### Given data
# # # # #
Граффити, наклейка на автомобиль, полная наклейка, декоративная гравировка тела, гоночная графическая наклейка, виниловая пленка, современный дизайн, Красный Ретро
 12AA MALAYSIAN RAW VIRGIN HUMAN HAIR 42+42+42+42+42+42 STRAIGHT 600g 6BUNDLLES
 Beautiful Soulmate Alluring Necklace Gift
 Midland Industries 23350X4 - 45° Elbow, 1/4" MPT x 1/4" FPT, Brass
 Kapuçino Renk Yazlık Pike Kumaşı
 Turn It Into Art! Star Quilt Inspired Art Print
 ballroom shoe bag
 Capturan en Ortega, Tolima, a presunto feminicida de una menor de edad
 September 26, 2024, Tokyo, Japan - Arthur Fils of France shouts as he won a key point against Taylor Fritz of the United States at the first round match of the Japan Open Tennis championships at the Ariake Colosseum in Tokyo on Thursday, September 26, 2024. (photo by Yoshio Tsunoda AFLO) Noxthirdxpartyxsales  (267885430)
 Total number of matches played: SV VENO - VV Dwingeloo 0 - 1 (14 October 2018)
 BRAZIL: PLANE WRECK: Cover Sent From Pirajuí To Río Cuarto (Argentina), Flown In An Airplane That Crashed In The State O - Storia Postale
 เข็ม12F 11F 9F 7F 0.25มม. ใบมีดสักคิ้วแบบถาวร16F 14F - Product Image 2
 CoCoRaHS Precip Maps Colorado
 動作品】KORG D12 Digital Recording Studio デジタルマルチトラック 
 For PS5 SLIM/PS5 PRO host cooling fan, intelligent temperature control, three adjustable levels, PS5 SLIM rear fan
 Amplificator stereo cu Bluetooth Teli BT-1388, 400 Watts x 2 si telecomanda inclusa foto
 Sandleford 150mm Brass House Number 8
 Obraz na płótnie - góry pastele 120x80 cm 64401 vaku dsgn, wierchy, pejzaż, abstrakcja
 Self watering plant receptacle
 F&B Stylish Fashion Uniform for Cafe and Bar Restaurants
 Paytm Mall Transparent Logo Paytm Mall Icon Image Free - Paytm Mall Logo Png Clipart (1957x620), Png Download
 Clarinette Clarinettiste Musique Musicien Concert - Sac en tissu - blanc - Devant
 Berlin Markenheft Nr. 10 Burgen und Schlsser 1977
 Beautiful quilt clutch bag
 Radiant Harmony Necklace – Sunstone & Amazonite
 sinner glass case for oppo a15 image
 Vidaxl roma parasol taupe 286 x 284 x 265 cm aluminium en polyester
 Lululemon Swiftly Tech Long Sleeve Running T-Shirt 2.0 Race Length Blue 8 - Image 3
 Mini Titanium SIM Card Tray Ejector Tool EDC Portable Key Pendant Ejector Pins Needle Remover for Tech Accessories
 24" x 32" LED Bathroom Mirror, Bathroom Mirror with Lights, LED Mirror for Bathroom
# # # # #
### Brief
Wherever the string "Beautiful" occurs in the listing, return the line it sits on.

### Answer for the task
 Beautiful Soulmate Alluring Necklace Gift
 Beautiful quilt clutch bag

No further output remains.